• [WORK INSTRUCTIONS]:
Where the line containing "Spesh Pack of" appears in the entries below, begin there and output every line through the last, exactly, minus the pictures.

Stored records
-*-*-
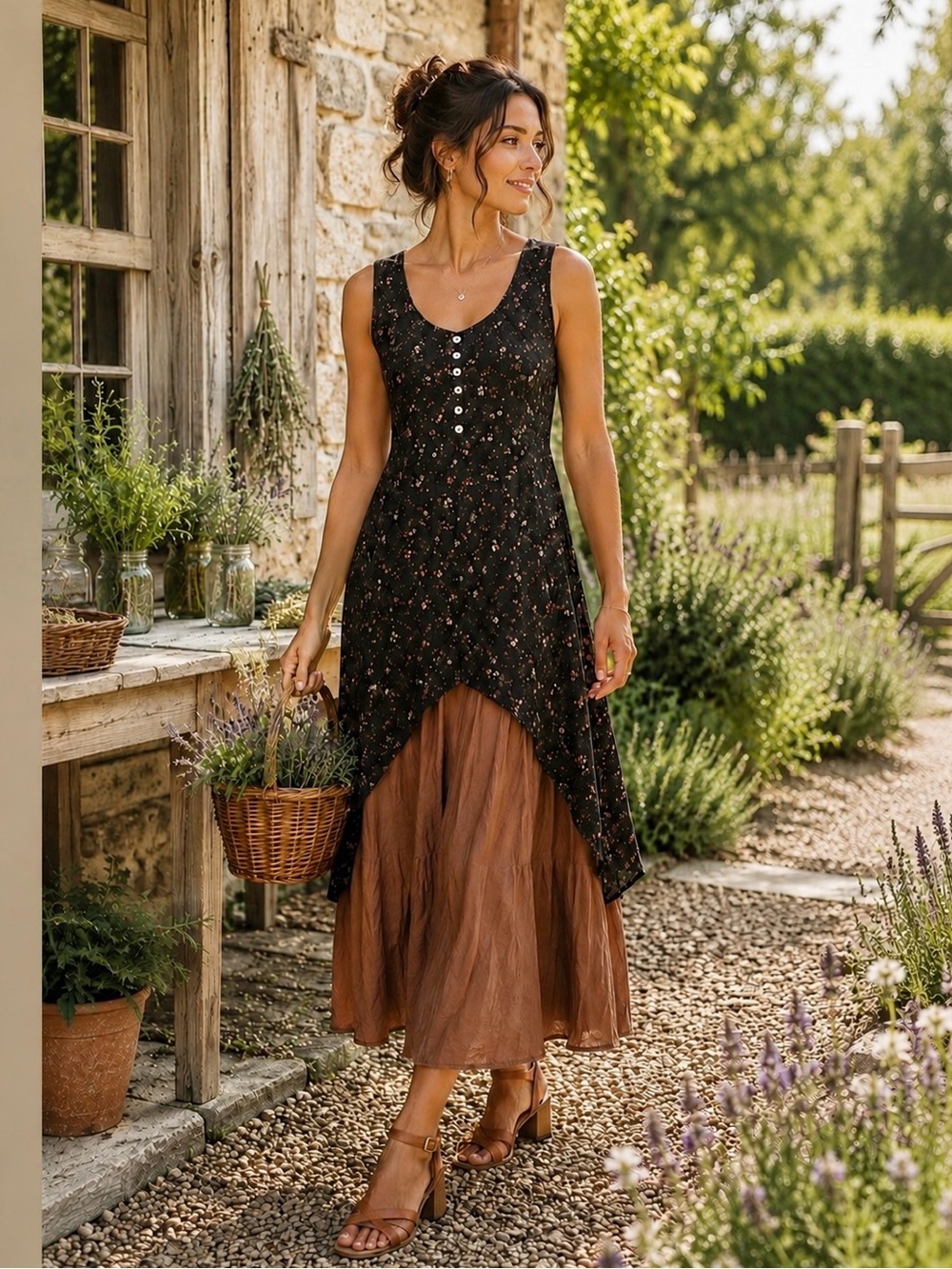 Cottage-core floral dress brown henly neck, Unique & Easy Wear,EUC,size Medium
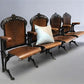 4 Wood Iron Folding Theater Seats, Auditorium Seats, Entryway Bench, D15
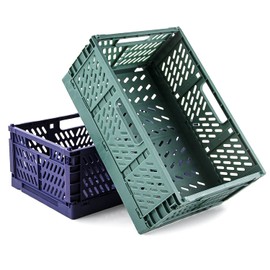 Spesh Pack of 2 Folding Crates, Plastic Folding Basket, Foldable Storage Basket, Sturdy Folding Boxes for Kitchen, Bedroom, Study (Blue + Dark Green, 30 x 20 x 12 cm)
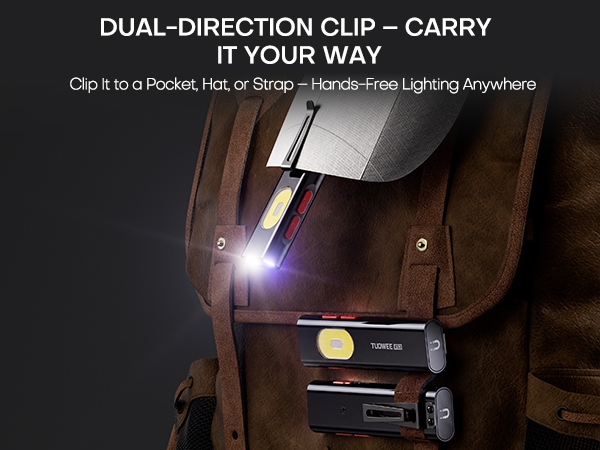 Flat EDC Flashlight Rechargeable Small Pocket Flashlight Two Way Pocket Clip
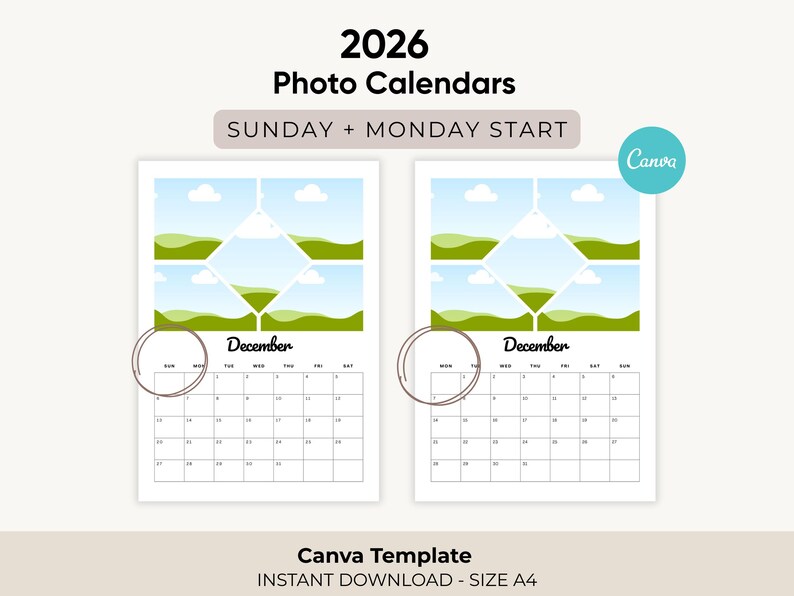 2026 Photo Calendar Canva Template | A4 Editable Wall Calendar | Monday ...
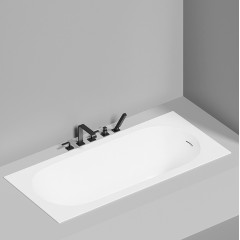 Salini ORNELLA KIT Встраиваемая ванна 1700х800х600мм, овальная чаша, донный клапан, сифон, щелевой слив-перелив, мат-л: S-Sense, матовый, белый.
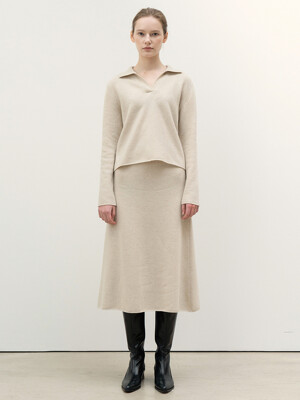 FW20 Knitted Skirt Natural
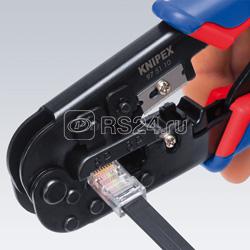 Пресс-клещи для штекеров RJ (Western) для реза и зачистки плоских неэкранированных телефонных кабелей Knipex KN-975110SB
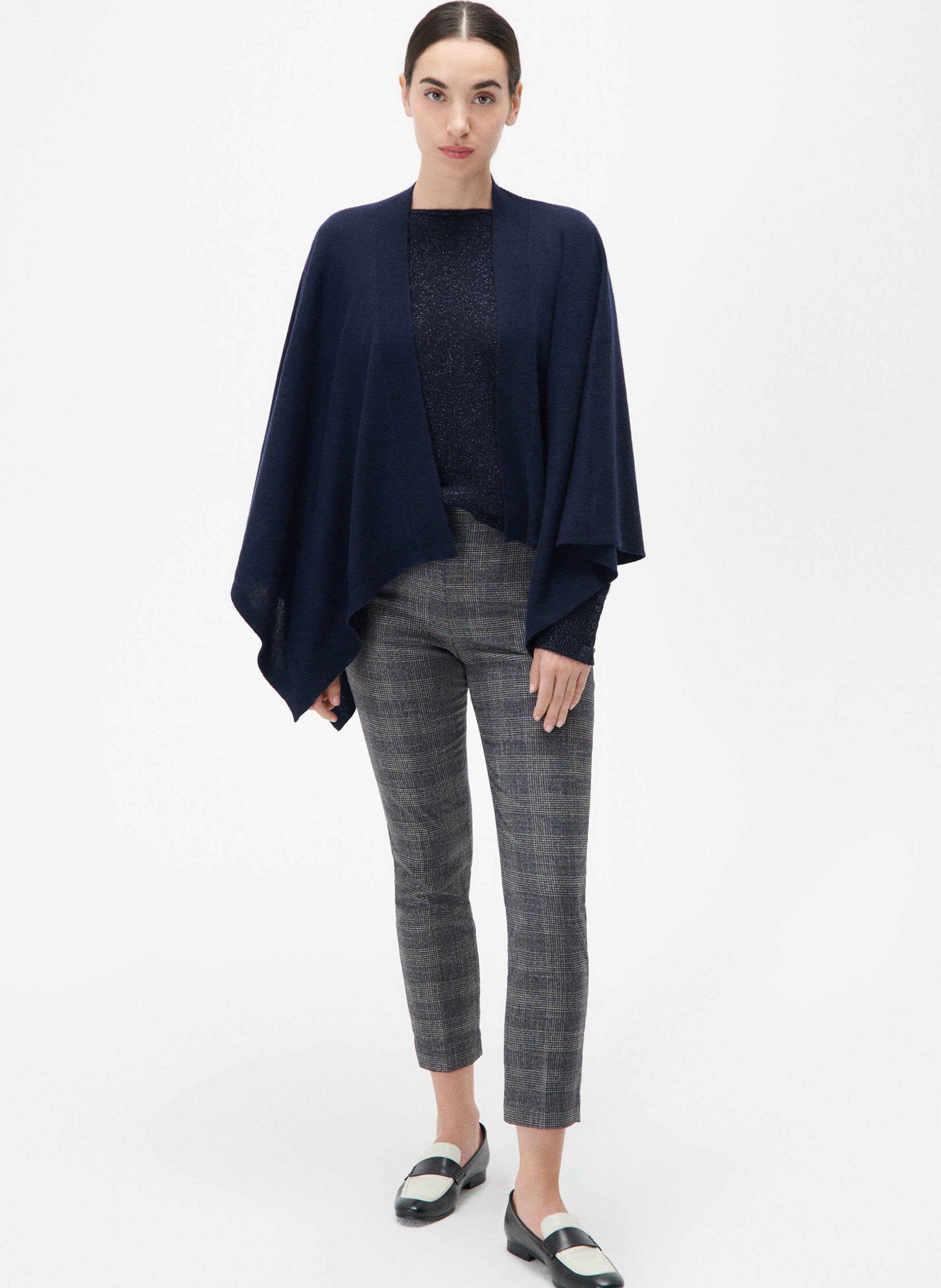 Poncho en cachemire CAROLL Bleu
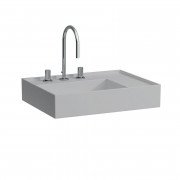 Раковина для ванної Laufen Kartell 60х46 см із прихованим зливом із 3 отворами кераміка сірий матовий H8103347591581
-*-*-
• [TASK SOLUTION]:
 Spesh Pack of 2 Folding Crates, Plastic Folding Basket, Foldable Storage Basket, Sturdy Folding Boxes for Kitchen, Bedroom, Study (Blue + Dark Green, 30 x 20 x 12 cm)
 Flat EDC Flashlight Rechargeable Small Pocket Flashlight Two Way Pocket Clip
 2026 Photo Calendar Canva Template | A4 Editable Wall Calendar | Monday ...
 Salini ORNELLA KIT Встраиваемая ванна 1700х800х600мм, овальная чаша, донный клапан, сифон, щелевой слив-перелив, мат-л: S-Sense, матовый, белый.
 FW20 Knitted Skirt Natural
 Пресс-клещи для штекеров RJ (Western) для реза и зачистки плоских неэкранированных телефонных кабелей Knipex KN-975110SB
 Poncho en cachemire CAROLL Bleu
 Раковина для ванної Laufen Kartell 60х46 см із прихованим зливом із 3 отворами кераміка сірий матовий H8103347591581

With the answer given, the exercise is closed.